» Information:
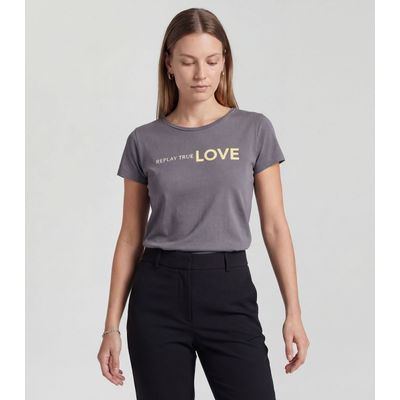 Blusa Feminina Cotton Com Estampa Infinita Cor Cinza M / Cinza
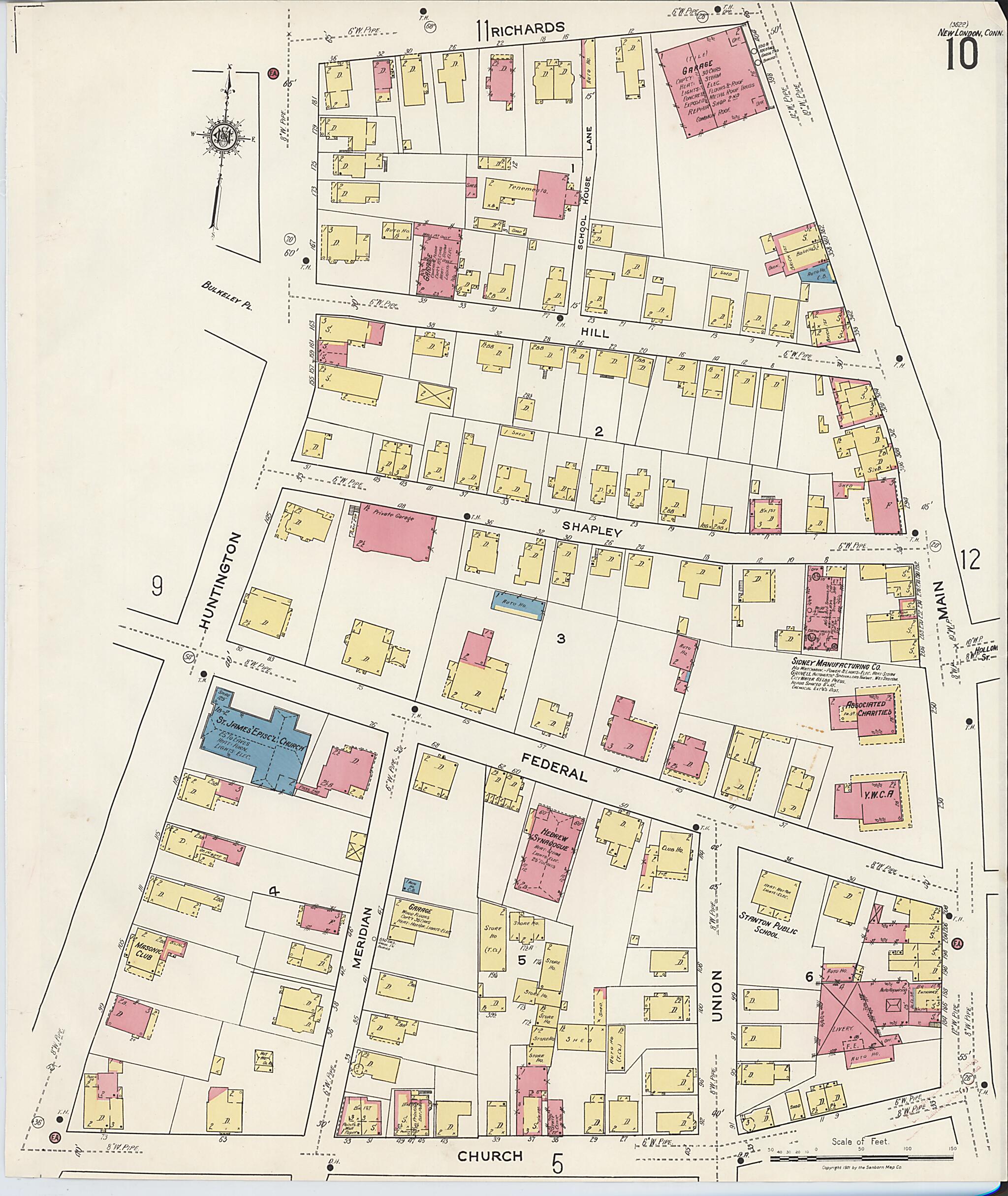 This old map of New London, New London County, Connecticut was created by Sanborn Map Company in 1921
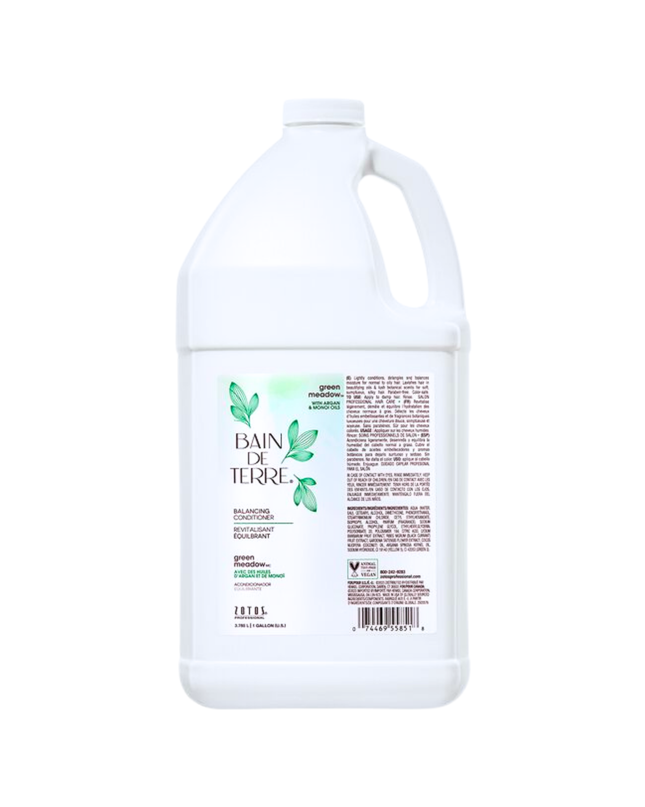 Bain de Terre's Green Meadow Balancing Conditioner richly conditions & balances normal to oily hair. Lavishes hair in beautifying oils & lush botanical scents for soft, sumptuous, silky hair. Paraben-free. Color-safe.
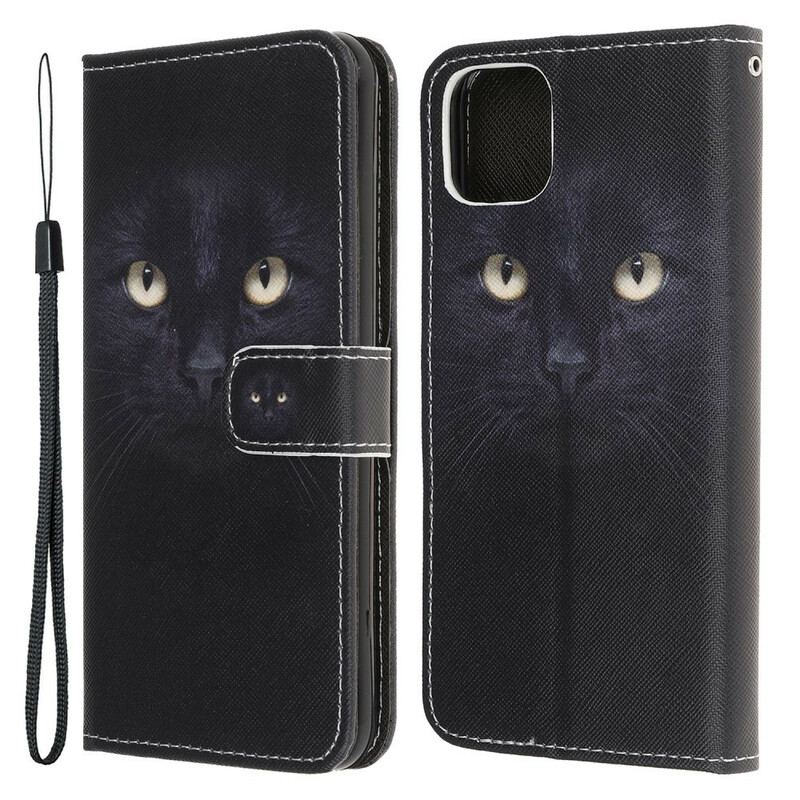 Capa De Couro Para iPhone 13 Mini De Cordão Olhos De Gato Preto Com Tiras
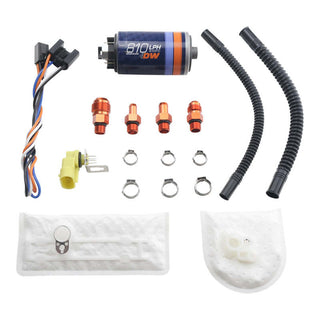 DeatschWerks DW810 Brushless Series fuel pump in-tank with installation kit, 810 liters per hour capacity, for automotive fuel systems.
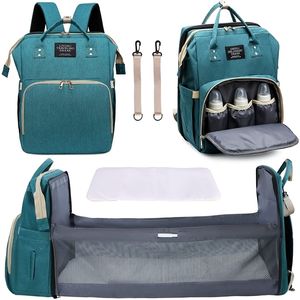 Bolsa de fraldas USB para meninas de meninas Backpack de fraldas com estação de troca com cama de viagem dobrável grande capacidade à prova d'água 220514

» Task instructions:
Output the data above verbatim, pictures excluded.

» Response to the task:
 Blusa Feminina Cotton Com Estampa Infinita Cor Cinza M / Cinza
 This old map of New London, New London County, Connecticut was created by Sanborn Map Company in 1921
 Bain de Terre's Green Meadow Balancing Conditioner richly conditions & balances normal to oily hair. Lavishes hair in beautifying oils & lush botanical scents for soft, sumptuous, silky hair. Paraben-free. Color-safe.
 Capa De Couro Para iPhone 13 Mini De Cordão Olhos De Gato Preto Com Tiras
 DeatschWerks DW810 Brushless Series fuel pump in-tank with installation kit, 810 liters per hour capacity, for automotive fuel systems.
 Bolsa de fraldas USB para meninas de meninas Backpack de fraldas com estação de troca com cama de viagem dobrável grande capacidade à prova d'água 220514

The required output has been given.